ADAP revokes young Wushu athlete’s provisional suspension 

An Anti-Doping Appeal Panel (ADAP) has ordered the revocation of the provisional suspension imposed by the National Anti-Doping Agency (NADA) on 20-year-old Wushu athlete Shiv Pratap Chauhan. The ADAP had reserved its order on September 18 last but finally passed the order only on December 29 after the High Court of Delhi directed it to expedite it.

In over-ruling a National Anti-Doping Disciplinary Panel (ADDP) order upholding the provisional suspension, the ADAP, chaired by Geetanjali Sharma and including Dr. BG Vageesh and Clarence Lobo as members, held that NADA had failed to produce sufficient evidence to meet the required standard of proof that the athlete had tampered with the sample.

“The (Appeal) Panel did not find any direct evidence indicating that the Athlete was engaged in any form of misconduct during the sample collection process. The Doping Control Officer (DCO) has not documented any irregularities or observations that could lead to a violation of anti-doping rules,” said the ADAP order issued on December 29 last.

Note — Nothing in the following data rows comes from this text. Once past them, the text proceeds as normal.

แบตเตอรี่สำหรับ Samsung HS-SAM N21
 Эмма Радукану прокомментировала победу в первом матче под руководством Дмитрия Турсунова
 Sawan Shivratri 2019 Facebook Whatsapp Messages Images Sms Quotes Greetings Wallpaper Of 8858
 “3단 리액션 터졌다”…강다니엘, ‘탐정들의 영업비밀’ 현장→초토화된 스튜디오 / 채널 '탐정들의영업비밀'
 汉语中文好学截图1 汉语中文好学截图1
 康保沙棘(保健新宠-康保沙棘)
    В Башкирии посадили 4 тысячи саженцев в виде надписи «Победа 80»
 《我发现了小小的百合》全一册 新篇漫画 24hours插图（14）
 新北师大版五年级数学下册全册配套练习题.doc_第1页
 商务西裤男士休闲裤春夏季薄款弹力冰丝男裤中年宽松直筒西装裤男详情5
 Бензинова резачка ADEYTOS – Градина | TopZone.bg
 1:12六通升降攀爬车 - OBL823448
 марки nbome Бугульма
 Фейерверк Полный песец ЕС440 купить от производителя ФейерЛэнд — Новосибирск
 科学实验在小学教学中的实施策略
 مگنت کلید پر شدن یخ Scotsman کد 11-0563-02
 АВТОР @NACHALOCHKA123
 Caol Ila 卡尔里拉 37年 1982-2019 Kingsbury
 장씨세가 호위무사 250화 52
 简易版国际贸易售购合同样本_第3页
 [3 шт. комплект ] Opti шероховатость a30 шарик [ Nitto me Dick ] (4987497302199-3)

Strangely, the pace of the case has been rather sluggish. Within a month of the athlete’s sample being collected on August 10, during the National Junior Championships in Patna, on September 2, 2023, the National Dope Testing Laboratory reported an Atypical Finding with a pH value inconsistent with human urine. 

Though there is no provision in the National Anti-Doping Rules 2021 for a suspension to be imposed on an athlete whose sample showed an atypical finding, on May 22, 2025, NADA decided to place Shiv Pratap Chauhan on provisional suspension. On July 3, the ADDP rejected the athlete’s appeal to revoke the suspension.

After hearing a writ filed by the athlete, on December 2, 2025, Justice Sachin Datta kept the provisional suspension in abeyance, and directed the ADAP to expedite the consideration of the appeal within eight weeks. There is no knowing how much more time the ADAP would have taken to pass the order if the Court had not intervened.

The ball as far as the case against the pH value being inconsistent with human urine is now in NADA’s court. If it is unable to go beyond suspicion and establish tampering of the sample, it will have to close the case, leaving the whole thing about the abnormal pH Value of the urine in the realms of mystery.